The dynamically *Reconfigurable Processing Units* (RPUs) are the major hardware components of the DReAM architecture for executing the arithmeticdominated data manipulations. Thus, these application-tailored RPUs perform efficiently the required coarse-grained (8-/16-bit) integer operations needed for the examined application parts. In contrast, the CLBs (*Configurable Logic Blocks*) of today's commercially available fine-grained and universal FPGAchips are operating on the 1-bit level [10]. As shown in Figure 3 each RPU consists of:

- two dynamically reconfigurable 8-bit data paths, called *Reconfigurable Arithmetic Processing Units* (RAPs),
- one Spreading Data Path (SDP),
- one RPU-controller,
- two dual port RAMs, and
- one Communication Protocol Controller

Each RAP can perform all necessary arithmetic operations (8-/16-bit) identified in the above mentioned examined application parts of mobile communication



Figure 3 Hardware Structure of the Reconfigurable Processing Unit (RPU)

systems.
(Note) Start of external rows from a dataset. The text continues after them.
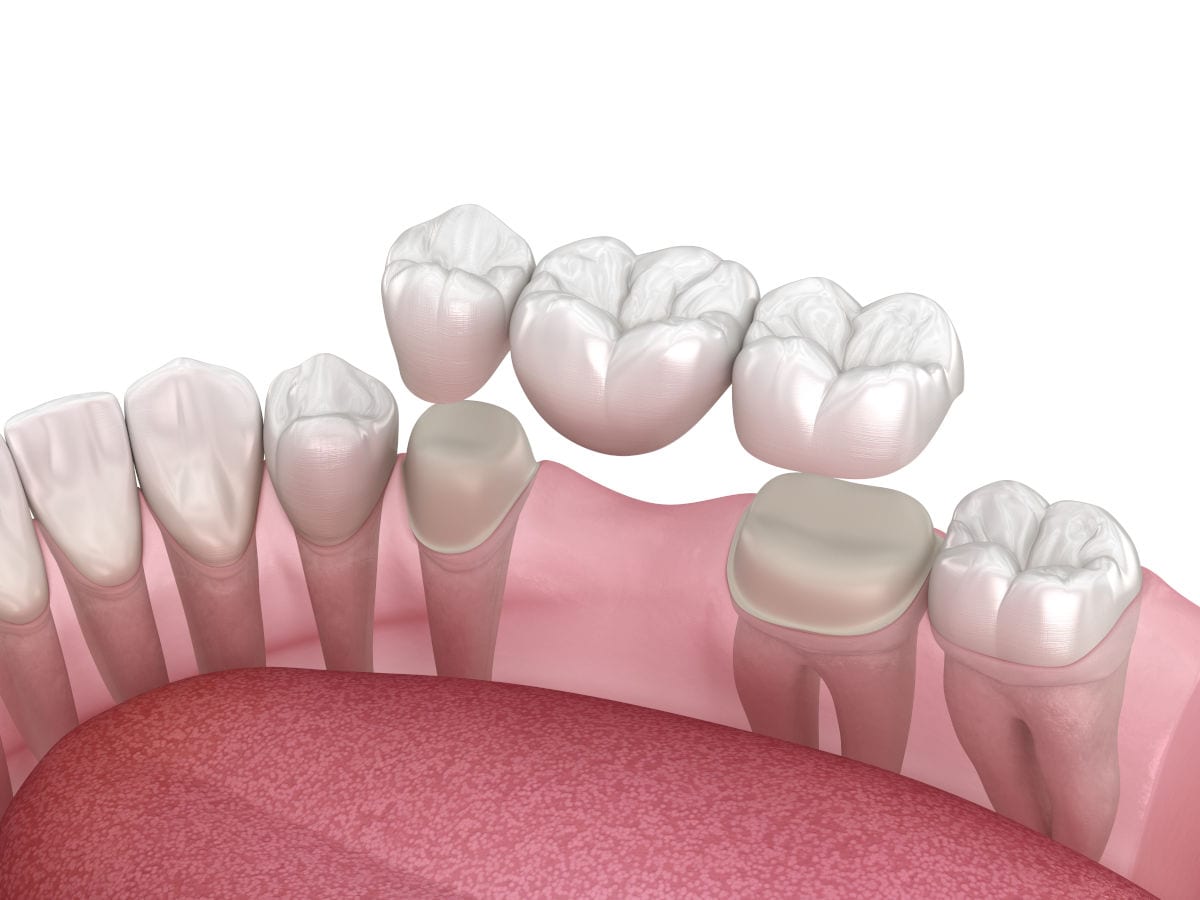 Dental bridge and dental implant side by side comparison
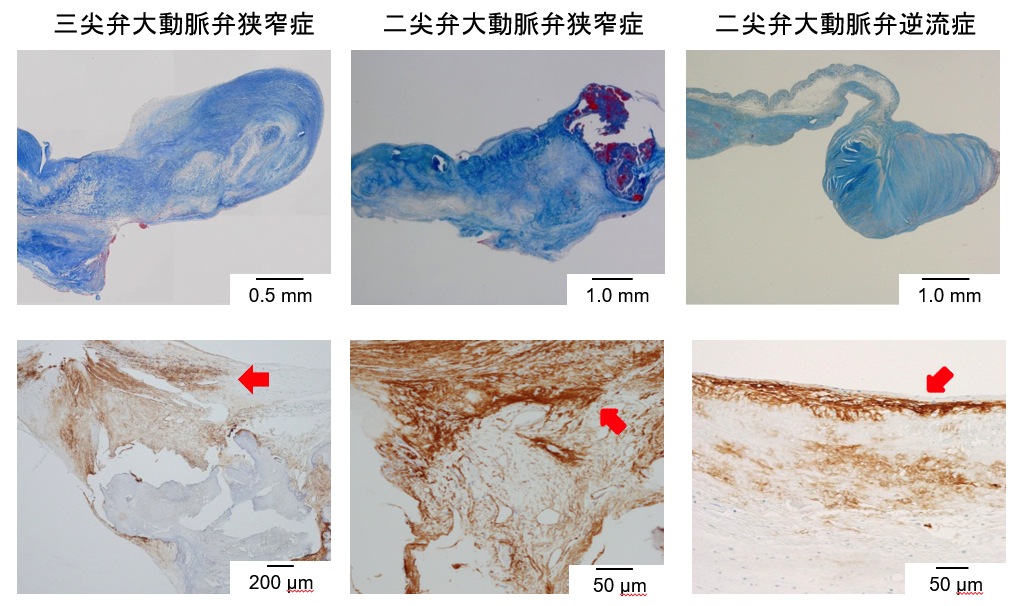 大動脈二尖弁の診断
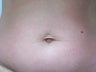 Umbilicoplasty to remove lose skin around belly button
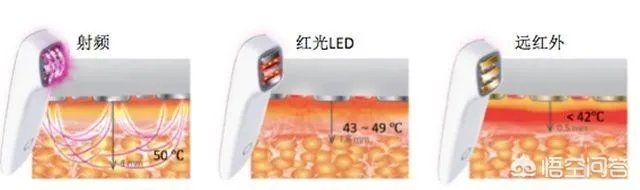 美容仪真的有返老还童的效果吗？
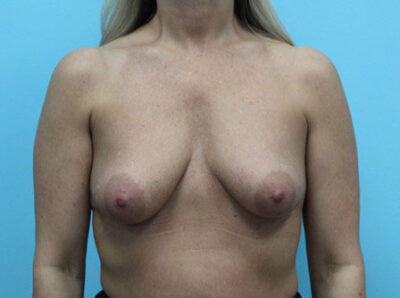 Augmentation & Mastopexy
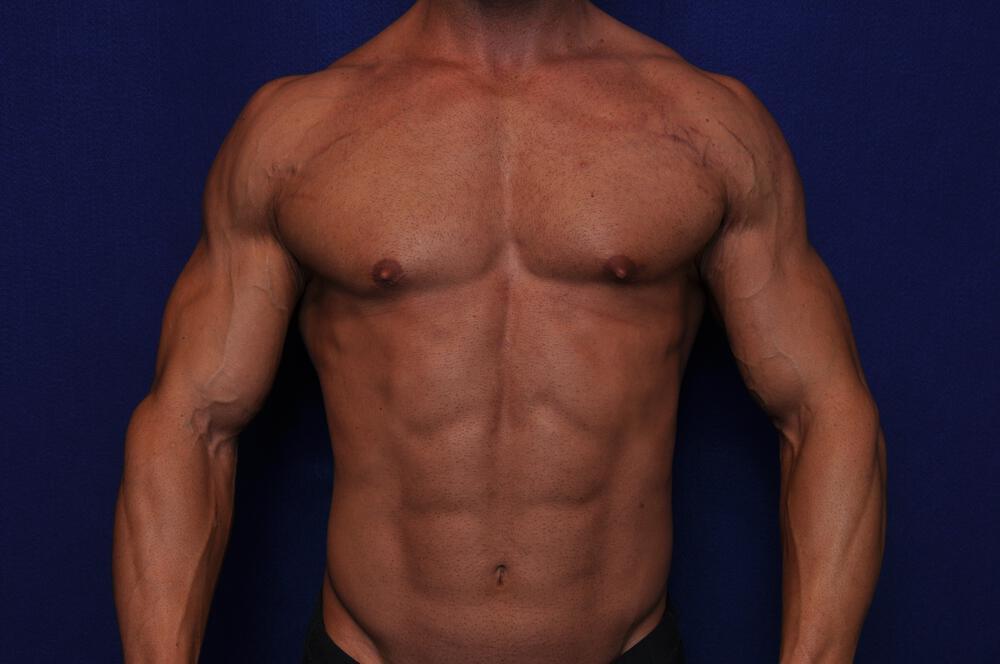 Bodybuilder Gynecomastia Gallery Before & After Image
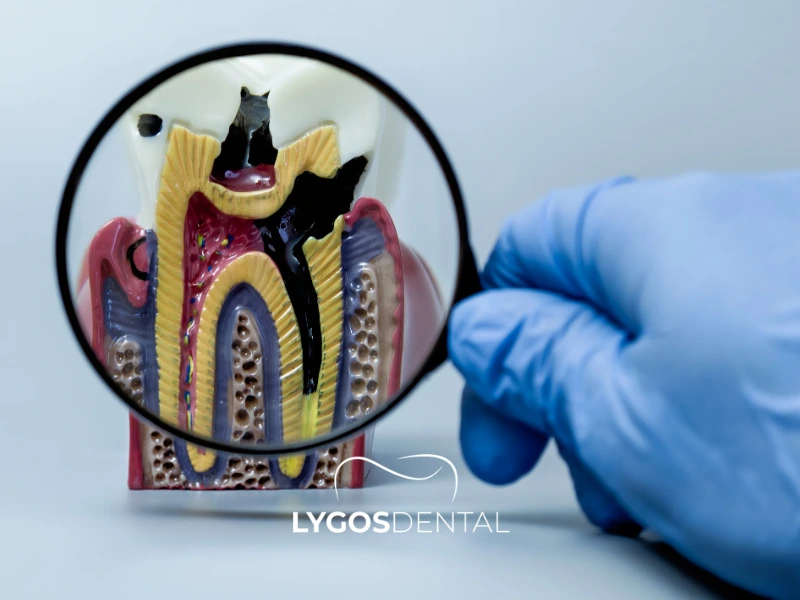 È possibile sbiancare i denti sottoposti a trattamento canalare?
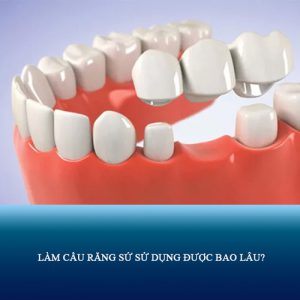 Làm cầu răng sứ sử dụng được bao lâu? Cách làm tăng tuổi thọ răng sứ!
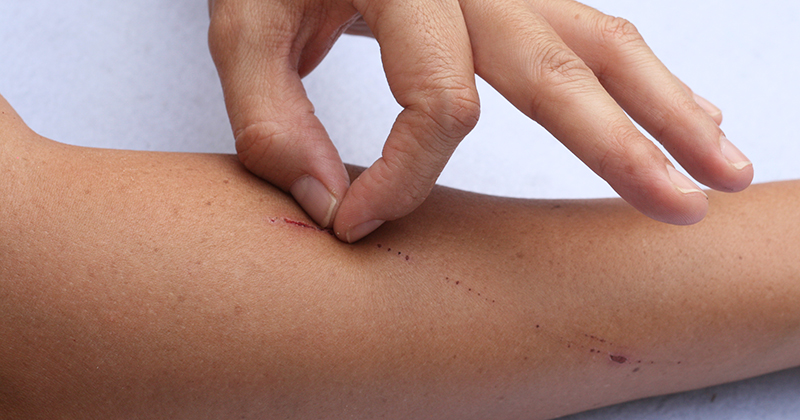scab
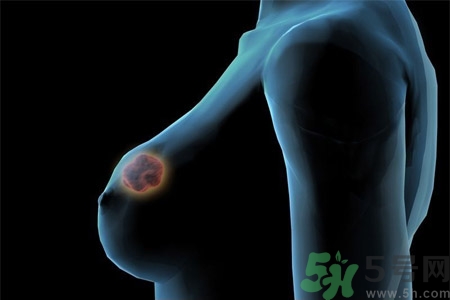 乳房屋硬塊有疼痛感怎么回事？乳房屋硬塊有疼痛感怎么辦？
The performance values of these operations for n operation repetitions on a stream of data are provided in Table 1, and are based on a 0.35 µm CMOS standard cell synthesis for the RPU by using an Mietec/Alcatel process. For the repeated operation execution only one configuration set is necessary. The available set of two-input operations support either operations with one constant operand (fixed Y), as well as operations with two variables as inputs (variable Y). The RAP unit is built around a fast integer multiplier operator, providing a high speed constant/ variable multiplication (i.e. one of the operands is constant for some time interval) and small compact design by using modified Look-Up Table (LUT) multiplication procedure applying distributed arithmetic. According to [11] most of the multiplication within the mobile system are fixed operand operation. One Spreading Data Path (SDP) for fast and efficient execution of CDMA-based spreading tasks is designed and implemented in each RPU. This SDP unit can be used together with the adding operations of 2 RAPs for implementing efficiently fast complex PN-code correlation operations. Such spreading operations are required often in QPSK-modulation (Quadrature *Phase Shift Keying*). The detailed hardware description and implementation issues of all RPU operations implementations and a complex application example, e. g. a CDMA-based RAKE-receiver, used in mobile devices mapped onto DReAM can be found in [7].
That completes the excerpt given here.